A quote from the video description and link to the product page:

In this video, we talk about our Gonbei AUS-10 series of knives. This series is a tough, durable type of knife, with very solid edge retention. It is meant to be a western handled equivalent to our Gesshin Uraku Stainless series. It's not too thick, not too thin, not too hard, and not too soft. Its very chip resistant, and will handle serious use in both professional and home environments very well.

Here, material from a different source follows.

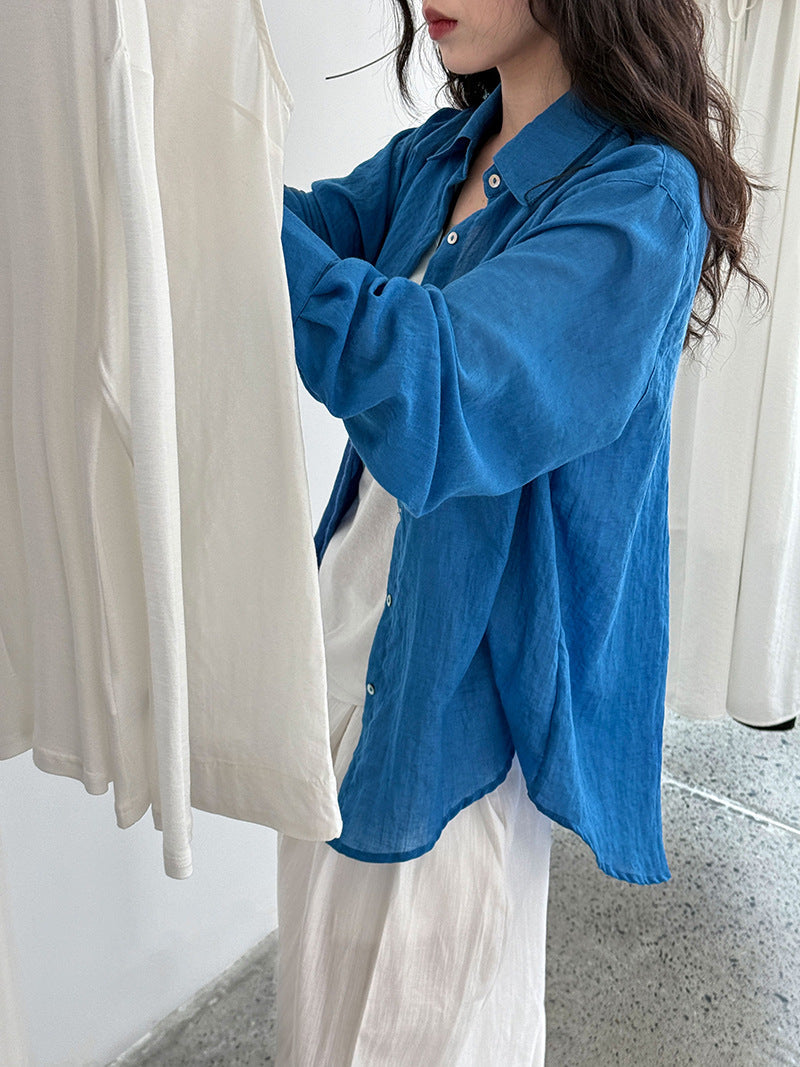 French premium shell button shirt women's summer new sunscreen cardigan long-sleeved loose imitation cotton and linen shirt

You can find these knives here on our website:
http://www.japaneseknifeimports.com/kitchen-knives/gonbei/aus-10-series.html

Thank you so much for watching. If you have any questions, please dont hesitate to contact us at [email protected] or check out our website www.JapaneseKnifeImports.com

Thanks.

-Jon and Sara

[video=youtube_share;hsMpgYLHZh8]http://youtu.be/hsMpgYLHZh8[/video]


----------



## KedarShenoy (Aug 10, 2013)

John,

Is AUS-10 in your experience particularly hard to deburr?


----------



## JBroida (Aug 10, 2013)

not horribly... but it depends on the HT a lot. This is more difficult to sharpen and deburr than our gesshin stainless series, but easier than, say, global.


----------